The task: Reproduce the listing in full. Omit the pictures.

Given data:

*** Block opens ***

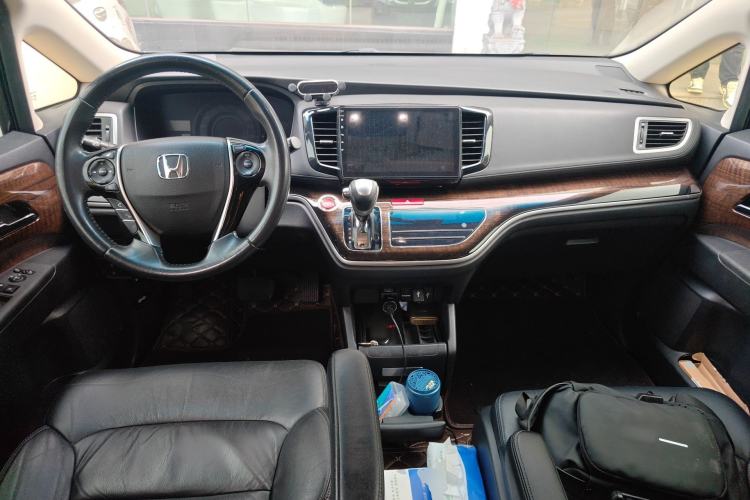 Used Honda Odyssey 2015 Updated Version 2.4L Smart Edition Center Console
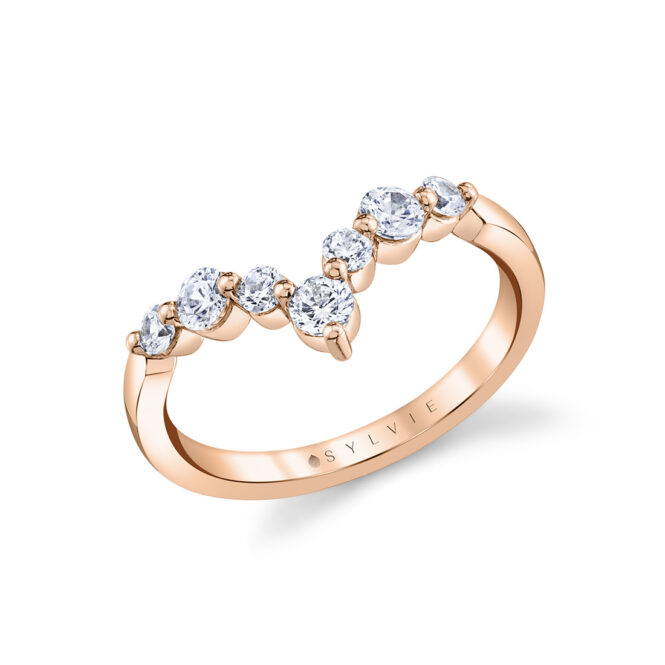 round curved diamond wedding ring in rose gold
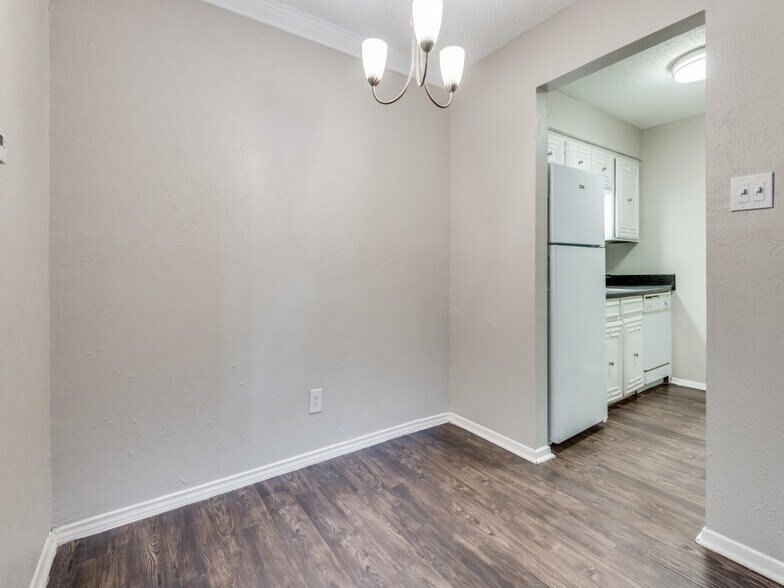 More Photos Of 7301 Sanger Ave, Waco Apartments For Sale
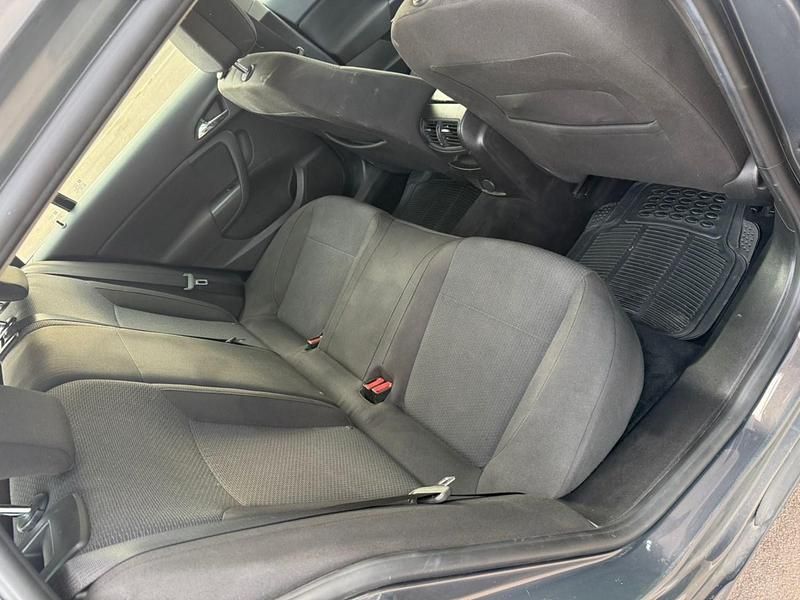 Used Vauxhall Insignia Design Edition 2014 Grey Estate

*** Block closes ***

Output of the task:
 Used Honda Odyssey 2015 Updated Version 2.4L Smart Edition Center Console
 round curved diamond wedding ring in rose gold
 More Photos Of 7301 Sanger Ave, Waco Apartments For Sale
 Used Vauxhall Insignia Design Edition 2014 Grey Estate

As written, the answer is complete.